At the spin-out’s lab in Cambridge the team has been able to manufacture flexible active-matrix displays that are up to 25cm in diameter at a resolution of 150 pixels per inch. Even better resolution has been demonstrated for smaller size displays. Jones hopes that, combined with e-paper, these thin, light and robust electronic modules could provide a far more acceptable digital reading experience.
‘It is much closer to the paper-reading experience than any type of screen there has been before,’ he said. ‘It makes it much more comfortable and natural to read digital text. You could read this on the sofa or in bed in a way that most normal people wouldn’t take a notebook PC to bed.’
Printable electronics has a number of other things going for it. Silicon transistors are made using a number of mask-based processes. The transistors are made up of a number of differently patterned layers, which are constructed by exposing the top surface to a photosensitive material that is deposited through gaps in the mask. This process is repeated a number of times to build up the silicon transistor.
According to Jones, printable plastic electronics have the distinct advantage that the materials can simply be printed on the substrate where they are needed. This means that just by changing the print file, different sizes and a wide range of products can be produced without all the re-tooling that the silicon industry requires, making it considerably cheaper.
As well as its potential low cost, it is the flexibility of plastic electronics that makes it such an exciting prospect for the future, in Jones’ opinion.
‘The wonderful thing about printable electronics is not only that it can be done at a very low cost but that it can be printed on soft objects,’ he said. ‘The vision of Plastic Logic is: “What if you can print electronic functionality on almost anything?”’
From clothing to mobile phones, Jones envisages a huge range of products that could be imprinted with plastic electronics. From moving advertisement hoardings to supermarket goods imprinted with electronic capability, Jones believes this technology could ‘entertain, inform and really do almost anything you can think of’.
He betrays some justifiable pride that a UK company is at the forefront of this technological breakthrough — albeit one about to begin manufacturing in Germany.
‘There has been a lot of R&D over the years put into getting plastic transistors right before someone could invest in the first full-scale commercial production, which is what we’ve done,’ he said. While there are a number of other plastic electronics R&D programmes under way in other parts of the world, particularly in France and Japan, Plastic Logic is already well ahead of the pack in terms of mature technology.
He added: ‘The common thread for all these other research programmes is that they are all still R&D efforts. We’ve already got a head-start and as soon as you start to scale up, your lead increases as you are continually learning more and more.’
Jones believes there is still room for traditional silicon transistors due to silicon’s high performance and density, which makes it suitable for use in computer CPUs.

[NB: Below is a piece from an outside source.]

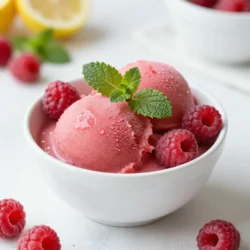 You need 2 cups of fresh, ripe raspberries. Look for berries that are bright red and plump. They should smell sweet and have no mold. Fresh raspberries give the best flavor for this sorbet. Their juicy taste makes this treat refreshing and bright. You will need 1 cup of freshly squeezed lemon juice. This usually comes from about 4 to 6 lemons. Fresh lemon juice adds a zesty kick to the sorbet. It balances the sweetness of the raspberries. Make sure to strain out any seeds for a smooth finish. You will use 1 cup of granulated sugar. You can adjust this amount based on your taste. Sugar helps to sweeten the sorbet and keep it smooth. If you prefer a less sweet flavor, start with less sugar. You can always add more later. - 1 cup of water - 1 tablespoon of lemon zest (from about 1 lemon) - A pinch of salt These additional ingredients enhance the taste. The water helps dissolve the sugar, while the lemon zest adds more lemon flavor. The pinch of salt balances the sweetness and brings out all the flavors. {{ingredient_image_2}} To start, grab a medium saucepan. Add 1 cup of water and 1 cup of granulated sugar to it. Place the pan over medium heat. Stir the mixture until the sugar dissolves completely. This creates your simple syrup. Once the sugar is gone, take the pan off the heat and let it cool. It's important to let it cool completely before moving on. While your syrup cools, get 2 cups of fresh raspberries. Rinse them well under cold water. Now, place these berries into a blender or food processor. Blend until you have a smooth puree. If you want an even smoother texture, strain the puree through a fine-mesh sieve to remove the seeds. This step is optional but helps with the final texture. In a large mixing bowl, combine the raspberry puree with 1 cup of freshly squeezed lemon juice and 1 tablespoon of lemon zest. Don’t forget a pinch of salt for balance. Mix these ingredients well until they are fully combined. Once your simple syrup has cooled, add it to the bowl. Stir well to combine everything. Taste the mixture. If you want it sweeter, feel free to add more sugar. Next, pour the mixture into a shallow dish or a sorbet maker. If using a dish, place it in the freezer. Stir every 30 minutes for about 3-4 hours. This helps break up ice crystals. If you have a sorbet maker, follow the instructions for churning. It usually takes about 20-30 minutes. Once your sorbet is smooth and firm, transfer it to an airtight container. Freeze it for at least one hour to ensure it’s nice and cold. Your refreshing raspberry lemonade sorbet is now ready to enjoy! To get the best sorbet texture, focus on the freezing process. If you use a shallow dish, stir the mixture every 30 minutes. This breaks up ice crystals and gives a smooth finish. Aim for a firm yet scoopable texture. If you have a sorbet maker, follow the guidelines for churning. It usually takes about 20 to 30 minutes. The key is to use fresh raspberries for the best flavor. Sweetness can vary based on the raspberries and lemons you use. Start with 1 cup of sugar, but taste the mixture. If it’s too tart, add more sugar. Remember, you can always add but can’t take away. A pinch of salt can enhance the sweetness too. It balances the flavors nicely and makes each bite pop. For a lovely presentation, serve the sorbet in chilled bowls. Use elegant glasses for a more upscale look. Garnish with fresh mint leaves or extra raspberries. This adds color and freshness to the dish. You can also drizzle a bit of lemon zest on top. It makes the sorbet even more inviting. Enjoying your sorbet with friends makes it even better! Pro Tips Use Frozen Raspberries: If fresh raspberries are not in season, you can use frozen raspberries. Just make sure to thaw them and drain any excess liquid before blending. Adjust Sweetness: Taste the mixture before freezing. If the raspberries are tart, you may want to add a bit more sugar to balance the flavors. Chill Your Equipment: For the best texture, chill your mixing bowl and utensils in the freezer before preparing the sorbet mixture. Serving Ideas: For a refreshing twist, serve the sorbet with a splash of soda water or lemon-lime soda for a fizzy treat! {{image_4}} You can mix in other fruits with your raspberry lemonade sorbet. This adds new flavors and colors. For example, add strawberries or blueberries for a berry blend. You can use peaches or mangoes for a tropical twist. Just keep the same amount of fruit puree. This way, your sorbet stays balanced and delicious. This sorbet is already dairy-free, making it a great option for those with allergies. However, if you want a creamier texture, try adding coconut milk. Use one cup of full-fat coconut milk instead of water. This will give your sorbet a richer taste while still keeping it dairy-free. You can swap out granulated sugar for other sweeteners. Honey or agave syrup works well. However, remember that these sweeteners can change the flavor. If you want a low-calorie option, try stevia or monk fruit. Always taste your mixture before freezing to get the right sweetness level. To store your raspberry lemonade sorbet, place it in an airtight container. This keeps the sorbet fresh and prevents ice crystals from forming. I suggest using a shallow dish or a freezer-safe container. Always ensure the lid is tight. This helps keep out air and moisture. For the best freezing results, freeze the sorbet at a consistent temperature. Set your freezer to zero degrees Fahrenheit. If you make your sorbet in a shallow dish, stir it every 30 minutes for even freezing. This breaks up ice crystals and keeps the texture smooth. If you use a sorbet maker, follow the machine's instructions for freezing. Raspberry lemonade sorbet can stay fresh in the freezer for up to two weeks. After that, it may lose flavor and texture. Signs of spoilage include ice crystals on top or a grainy texture. If it smells off or changes color, it is best to throw it away. Enjoy your sorbet while it is fresh for the best taste! Yes, you can use frozen raspberries. They work well in this recipe. Just let them thaw a bit before blending. This helps the raspberries blend into a smooth puree. The flavor will still be bright and tangy, just like fresh ones. To reduce the sweetness, cut back on the sugar. You can start with half a cup of sugar. Taste the mixture after adding the lemon juice and raspberry puree. If you want it less sweet, add more lemon juice. This gives a nice tart flavor. Yes, you can make sorbet without a blender. Instead, mash the raspberries with a fork. Then, strain the mixture through a fine sieve to remove seeds. This method takes more time, but it still works. Just be sure to mix everything well to get a smooth texture. This blog post covered making delicious raspberry lemonade sorbet. We explored fresh ingredients like raspberries and lemon juice, alongside granulated sugar. I shared step-by-step instructions, tips for perfect texture, and ways to adjust sweetness. Variations included other fruits and dairy-free options. I also provided storage tips and answered common questions. You can create a treat that refreshes anytime. Enjoy your sorbet creation!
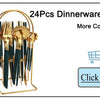 24Pcs Black Handle Golden Cutlery Set Stainless Steel Knife Fork Spoon Tableware Flatware Set Festival Kitchen Dinnerware Gift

However, plastic electronics has the ability to move into new areas where silicon’s rigidity makes it unsuitable. That is where Jones believes its market lies in the future. For the time being, however, Plastic Logic’s plans for world domination are limited to the development — alongside e-paper producers — of a real alternative to paper-based reading.
But lovers of the paperback need not be concerned just yet. ‘Of course traditional books and publications will be around for quite a long time yet but there is a lot of reading that people would rather do digitally if it was easy and comfortable to do so,’ he said.
‘It only takes a small amount of that reading to go electronic to make it a fantastic opportunity. That is why our investors have backed us and why it is so exciting.’